Telegraph lines, insulators (shipped around Cape Horn to California) and telegraph poles for the line were collected in late 1860, and rapid construction proceeded during the second half of 1861. Major problems were encountered in finding telegraph poles on the treeless plains of the Midwest and the nearly treeless deserts of the Great Basin. The telegraph line from Omaha reached Salt Lake City on October 18, 1861, and the line from Carson City to Salt Lake City was completed six days later, on October 24, 1861—about a year ahead of predictions.

==Literary accounts==

Several accounts of travel along the Central Route have been published. In July 1859 Horace Greeley made the trip, at a time when Chorpenning was using only the eastern segment (they reconnected with the Humboldt River trail near present-day Beowawe). Greeley published his detailed observations in his 1860 book "An Overland Journey from New York to San Francisco".

In October 1860 the English explorer Richard Burton traveled the entire route at a time when the Pony Express was operating. He gave detailed descriptions of each of the way stations in his 1861 book The City of the Saints, Across the Rocky Mountains to California.
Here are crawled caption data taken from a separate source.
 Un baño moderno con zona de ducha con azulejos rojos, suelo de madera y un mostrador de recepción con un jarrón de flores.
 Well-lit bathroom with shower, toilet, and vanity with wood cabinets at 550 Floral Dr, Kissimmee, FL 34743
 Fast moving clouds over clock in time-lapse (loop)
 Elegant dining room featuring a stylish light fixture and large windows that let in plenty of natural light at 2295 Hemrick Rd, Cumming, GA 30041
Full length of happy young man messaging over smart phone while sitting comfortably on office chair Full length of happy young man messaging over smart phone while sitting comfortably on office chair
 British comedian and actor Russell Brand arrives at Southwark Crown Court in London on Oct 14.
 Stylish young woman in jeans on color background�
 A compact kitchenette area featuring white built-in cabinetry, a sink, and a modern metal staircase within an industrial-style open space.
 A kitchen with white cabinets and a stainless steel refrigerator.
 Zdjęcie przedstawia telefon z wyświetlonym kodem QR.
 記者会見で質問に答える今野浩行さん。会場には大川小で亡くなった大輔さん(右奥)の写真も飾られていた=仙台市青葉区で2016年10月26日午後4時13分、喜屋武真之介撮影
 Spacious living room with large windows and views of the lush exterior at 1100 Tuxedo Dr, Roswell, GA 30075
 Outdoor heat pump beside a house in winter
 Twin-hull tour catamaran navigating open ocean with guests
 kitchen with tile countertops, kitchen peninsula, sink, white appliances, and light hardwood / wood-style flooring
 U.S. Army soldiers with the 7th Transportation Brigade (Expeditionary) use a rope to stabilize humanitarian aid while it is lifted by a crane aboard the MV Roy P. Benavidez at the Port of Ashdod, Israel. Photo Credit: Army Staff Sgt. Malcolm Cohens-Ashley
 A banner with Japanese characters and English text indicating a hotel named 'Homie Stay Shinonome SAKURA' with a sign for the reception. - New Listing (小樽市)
In the summer of 1861 Samuel Clemens (who only later used the pen name Mark Twain) traveled the route with his brother Orion on their way to Nevada's new territorial capital in Carson City, but provided only sparse descriptions of the road in his 1872 book Roughing It.

==Obsolescence==

In 1869 the First transcontinental railroad was completed using the more level route along the Humboldt River to the north—along much of the original California Trail route. Passengers and freight were now carried faster and cheaper than on the stage and freight lines using the old route.

Alongside the railroad a new telegraph line was constructed. It was easier to maintain and supply operators, relay stations, etc. using the railroad; the Central Route was now obsolete for the telegraph as well. The stage and telegraph relay stations were abandoned, and the soldiers at Fort Ruby were transferred north to Fort Halleck to protect the railroad.